The way forward would not be part-time prisons, as has been suggested, but to revive an idea from the 1970s and ’80s: day centres for people on probation or parole. The idea was taken up in the United States and Canada; they called them day reporting centres, which sounds tougher.
They can provide a base for education and training, combined with support when needed, but without the damaging side effects of prison. They could also be local centres, organising restorative justice. Safeguards would be needed to avoid “widening the net” of criminal justice by using them when less restrictive measures would be sufficient.
WE NEED a fundamental rethink of what sentencing is for. Mr Gove says that he does not want to change the sentencing regime “in an artificial way”; politicians claim to leave sentencing to judges, but judges follow the laws made by politicians and their rhetoric.

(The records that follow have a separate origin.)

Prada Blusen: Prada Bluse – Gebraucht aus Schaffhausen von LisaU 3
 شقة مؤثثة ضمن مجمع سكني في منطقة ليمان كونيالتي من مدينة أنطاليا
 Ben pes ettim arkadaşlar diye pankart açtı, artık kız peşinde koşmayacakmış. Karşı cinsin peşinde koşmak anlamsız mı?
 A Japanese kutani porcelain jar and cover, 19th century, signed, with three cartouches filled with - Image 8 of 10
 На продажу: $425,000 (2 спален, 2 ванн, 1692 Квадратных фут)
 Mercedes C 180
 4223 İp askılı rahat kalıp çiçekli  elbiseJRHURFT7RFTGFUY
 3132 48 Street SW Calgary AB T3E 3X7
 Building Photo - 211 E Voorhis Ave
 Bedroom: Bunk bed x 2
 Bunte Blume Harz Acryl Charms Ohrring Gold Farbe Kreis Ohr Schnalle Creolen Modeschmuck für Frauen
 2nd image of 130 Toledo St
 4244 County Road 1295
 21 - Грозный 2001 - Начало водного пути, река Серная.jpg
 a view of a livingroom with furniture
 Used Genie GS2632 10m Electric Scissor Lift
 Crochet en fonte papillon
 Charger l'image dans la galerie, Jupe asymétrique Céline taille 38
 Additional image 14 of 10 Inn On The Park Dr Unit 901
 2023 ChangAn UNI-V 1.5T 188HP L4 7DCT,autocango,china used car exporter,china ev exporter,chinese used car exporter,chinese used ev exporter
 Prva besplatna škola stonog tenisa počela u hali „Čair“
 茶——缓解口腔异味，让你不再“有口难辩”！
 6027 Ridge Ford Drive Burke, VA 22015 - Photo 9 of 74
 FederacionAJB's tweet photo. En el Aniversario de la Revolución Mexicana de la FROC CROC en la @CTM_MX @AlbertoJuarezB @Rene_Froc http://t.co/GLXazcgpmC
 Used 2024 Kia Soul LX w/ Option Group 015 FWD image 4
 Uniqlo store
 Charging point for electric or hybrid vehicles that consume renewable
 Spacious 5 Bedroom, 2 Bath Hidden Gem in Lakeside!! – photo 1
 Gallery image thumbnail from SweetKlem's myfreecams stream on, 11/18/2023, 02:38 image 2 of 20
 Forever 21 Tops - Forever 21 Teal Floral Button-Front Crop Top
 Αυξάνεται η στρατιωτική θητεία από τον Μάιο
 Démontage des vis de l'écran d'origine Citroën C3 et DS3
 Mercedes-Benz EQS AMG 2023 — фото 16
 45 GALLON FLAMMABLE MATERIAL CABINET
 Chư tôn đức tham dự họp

The basis should be to repay no one evil for evil, but to overcome evil with good (Romans 12.7, 21); to say not “You have broken the law, so we will punish you,” but “You have caused harm; so you should (as far as possible) put it right.”
The first response, then, would be to make reparation (including restorative justice where appropriate). The second would seek to reduce reoffending, and, better still, to reduce first-time entry into the system, for which day centres would have a central part to play.
Third, custody would be used only for the most serious offences, and to enforce community measures when necessary.
Last, there is a purpose that tends to trump the others: to symbolise the seriousness of the offence. At present, this is commonly expressed as a number of months or years in prison, bearing no relation to the time required to achieve the other aims.
This purpose could be achieved by requiring a person to attend a day centre for as long as necessary for treatment or training, but then to report regularly for a period proportionate to the offence. For those who insist on punishment, this restriction of liberty would constantly show the public and the offender how serious the offence was, but without prison’s destructive side effects on the offender (and the family, if any).
A coherent policy begins with social justice. Offenders should make reparation and be enabled, normally in the community, not to offend again. Only then can prisons work effectively with the most serious offenders.
Details obviously need to be worked out, and objections met; as Sir Louis Blom-Cooper QC and the criminologist Professor Seán McConville have proposed, it is time for a new Royal Commission on the penal system to re-examine the fundamental principles.
Dr Martin Wright is co-editor of Civilising Criminal Justice (Waterside Press, 2013), and a former director of the Howard League for Penal Reform.